- First tankōbon volume cover, featuring Noboru Takizawa

炎の転校生
- Genre: Comedy, parody, sports
- Written by: Kazuhiko Shimamoto
- Published by: Shogakukan
- Imprint: Shōnen Sunday Comics
- Magazine: Weekly Shōnen Sunday
- Original run: July 20, 1983 – November 13, 1985
- Volumes: 12
- Directed by: Katsuhiko Nishijima
- Produced by: Shouji Murahama
- Written by: Toshio Okada
- Music by: Kohei Tanaka
- Studio: Gainax
- Released: May 21, 1991
- Runtime: 25 minutes
- Episodes: 2

Blazing Transfer Students
- Directed by: Toshio Lee
- Written by: Yuko Kawabe
- Music by: Toshihiko Sahashi
- Original network: Netflix
- Original run: November 10, 2017
- Episodes: 8
- Anime and manga portal

= Honō no Tenkōsei =

Japanese manga series and its adaptations

Honō no Tenkōsei (炎の転校生) is a Japanese manga series written and illustrated by Kazuhiko Shimamoto. It was serialized in the Shogakukan manga magazine Weekly Shōnen Sunday from 1983 to 1985. Honō no Tenkōsei was adapted into a two-episode original video animation (OVA) anime series in 1991 by Gainax. A live-action series, titled Blazing Transfer Students, premiered on Netflix in 2017.

==Plot==
Noboru Takizawa transfers to a school where all disputes are settled through fighting. He quickly runs afoul of the school bully, Saburō Ibuki, who has a boxing match with "God's Hall Monitor", Kōichi Jōnouchi, to determine who will date the lovely Yukari. Takizawa is enraptured with Yukari, and decides to intervene in the fight which Ibuki won by bending the rules. Takizawa loses the fight in the first OVA to Ibuki's deadly finishing punch, but in the second OVA Takizawa develops his own finishing punch and eventually wins the day.

==Characters==
- Noboru Takizawa (滝沢 昇, Takizawa Noboru)

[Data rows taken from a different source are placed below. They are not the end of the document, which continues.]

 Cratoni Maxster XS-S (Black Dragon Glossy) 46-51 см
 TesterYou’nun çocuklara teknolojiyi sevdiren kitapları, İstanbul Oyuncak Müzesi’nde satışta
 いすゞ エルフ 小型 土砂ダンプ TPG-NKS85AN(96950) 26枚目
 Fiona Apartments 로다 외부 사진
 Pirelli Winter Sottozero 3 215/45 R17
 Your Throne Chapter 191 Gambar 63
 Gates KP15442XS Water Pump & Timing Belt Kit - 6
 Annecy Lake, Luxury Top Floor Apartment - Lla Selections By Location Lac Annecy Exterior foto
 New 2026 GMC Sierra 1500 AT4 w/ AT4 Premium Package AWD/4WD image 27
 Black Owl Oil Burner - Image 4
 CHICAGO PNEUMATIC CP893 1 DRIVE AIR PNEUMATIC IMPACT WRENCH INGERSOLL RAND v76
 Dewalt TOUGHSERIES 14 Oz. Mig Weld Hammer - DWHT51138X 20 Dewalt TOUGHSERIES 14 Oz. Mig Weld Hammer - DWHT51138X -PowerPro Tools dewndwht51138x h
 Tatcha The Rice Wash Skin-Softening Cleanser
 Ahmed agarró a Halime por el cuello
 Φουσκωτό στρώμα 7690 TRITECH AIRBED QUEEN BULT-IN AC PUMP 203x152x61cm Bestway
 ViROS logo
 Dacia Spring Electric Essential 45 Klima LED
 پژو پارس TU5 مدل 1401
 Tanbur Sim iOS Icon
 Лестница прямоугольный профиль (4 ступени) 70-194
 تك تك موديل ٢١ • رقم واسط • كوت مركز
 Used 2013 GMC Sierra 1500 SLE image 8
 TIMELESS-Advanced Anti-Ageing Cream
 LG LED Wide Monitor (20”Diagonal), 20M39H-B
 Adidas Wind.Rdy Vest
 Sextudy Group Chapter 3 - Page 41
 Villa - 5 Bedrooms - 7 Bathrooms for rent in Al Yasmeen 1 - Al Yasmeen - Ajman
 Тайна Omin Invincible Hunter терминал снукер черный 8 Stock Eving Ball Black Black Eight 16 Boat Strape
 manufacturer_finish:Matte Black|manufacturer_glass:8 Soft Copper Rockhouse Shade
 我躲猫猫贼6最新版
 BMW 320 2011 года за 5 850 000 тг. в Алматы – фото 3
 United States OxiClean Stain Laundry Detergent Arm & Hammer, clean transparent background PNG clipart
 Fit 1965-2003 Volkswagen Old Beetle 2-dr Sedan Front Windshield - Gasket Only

- Yukari Takamura (高村 友花里, Takamura Yukari)

- Saburō Ibuki (伊吹 三郎, Ibuki Saburō)

- Kōichi Jōnouchi (城之内 考一, Jōnouchi Kōichi)

- Chiaki Takano (高野 千明, Takano Chiaki)
  (credited as Schoolboy A)
- Jun Namekata (行方 純, Namekata Jun)
  (credited as Schoolboy C)

==Media==
===Manga===
Honō no Tenkōsei, written and illustrated by Kazuhiko Shimamoto, was serialized in the Shogakukan magazine Weekly Shōnen Sunday from July 20, 1983, to November 13, 1985. The individual chapters were collected in twelve tankōbon volumes, released from February 18, 1984, to January 18, 1986.

===OVA===
Honō no Tenkōsei was adapted into a two-episode original video animation (OVA) anime produced by Gainax. The anime reunites director Katsuhiko Nishijima and character designer Yuji Moriyama of the original Project A-ko and features storyboards by Sumio Watanabe. The OVA features an opening vocal theme written by Shimamoto Kazuhiko, arranged by Kohei Tanaka, and performed by Toshihiko Seki. The ending theme, Yumemiru Ki Mo Chi Dreaming Heart (夢みるキ・モ・チ 〜Dreaming Heart〜), was composed and arranged by Tanaka and performed by Noriko Hidaka. The Honō no Tenkōsei OVA parodies anime of the 1970s, particularly Tomorrow's Joe, and is complete with intentionally jerky animation, dirty-looking cels, thick black lines, and retro character designs, much like Shimamoto's drawing style.

According to Chris Beveridge of The Fandom Post, Honō no Tenkōsei was released on both VHS and laserdisc, but not DVD. It was released on Blu-ray by Pony Canyon on March 19, 2014.

===Live-action series===
A Netflix original live-action series called Blazing Transfer Students or Honō no Tenkōsei Reborn was released as a sequel set years after the original story. The story revolves around seven students all named Kakeru who transfer into the school. It was released on November 10, 2017, and was directed by Toshio Lee.

==Reception==
As of March 2017, the manga had over 1.6 million copies in circulation.

Anime News Networks Justin Sevakis, commenting on the anime, said that "while the animation has that slightly soft shot-on-film look, the heightened contrast and angular designs that were meant to evoke the past have instead kept it looking modern."